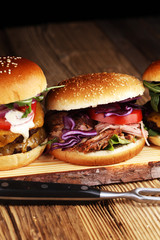 Tasty fresh meat burgers with salad and cheese. Homemade angus burger and Pulled pork sandwiches.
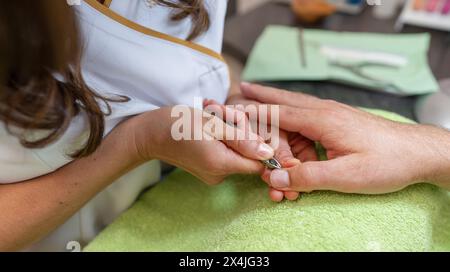 Maniküre mit Nagelzangen an den Nägeln eines männlichen Klienten während einer Maniküre Stockfoto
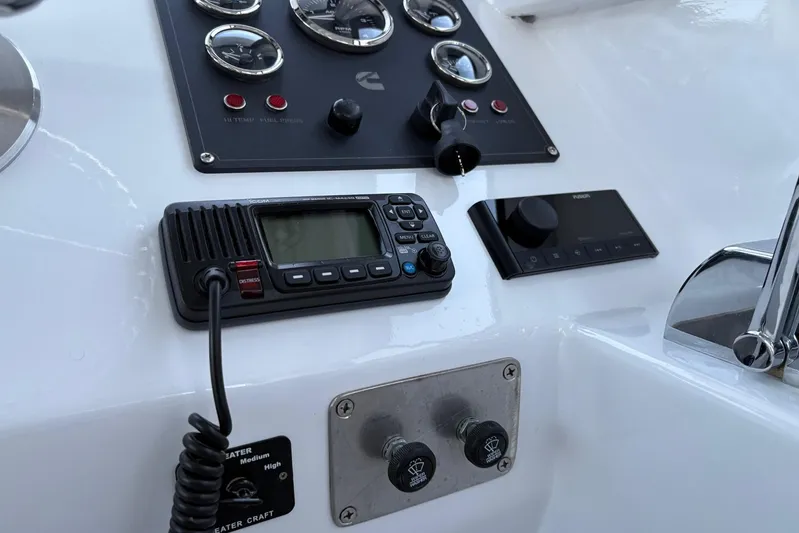  Yacht Photos Pics Control panel of a 1994 Custom Workboat with radio and gauges.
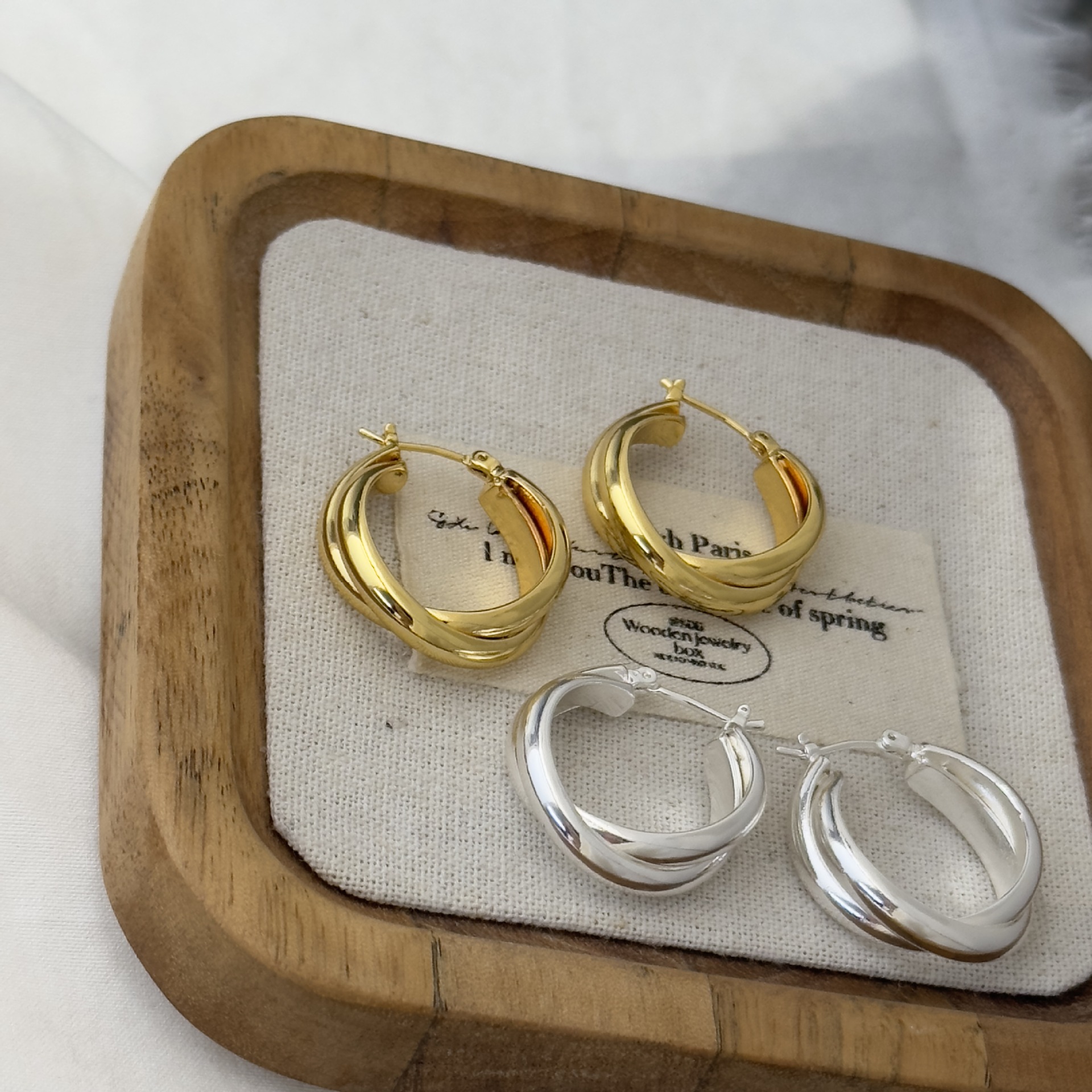 Fashionable C-Shaped Twisted Metal Minimalist Earrings with a High-End European and American Style, Featuring Cross Hollow Design and Circular Shape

[GOAL OF THE EXERCISE]:
Exactly repeat only the lines from the one with "Maniküre mit Nagelzangen" to the closing line above, both included, and omit every picture.

[RESULT BELOW]:
 Maniküre mit Nagelzangen an den Nägeln eines männlichen Klienten während einer Maniküre Stockfoto
  Yacht Photos Pics Control panel of a 1994 Custom Workboat with radio and gauges.
 Fashionable C-Shaped Twisted Metal Minimalist Earrings with a High-End European and American Style, Featuring Cross Hollow Design and Circular Shape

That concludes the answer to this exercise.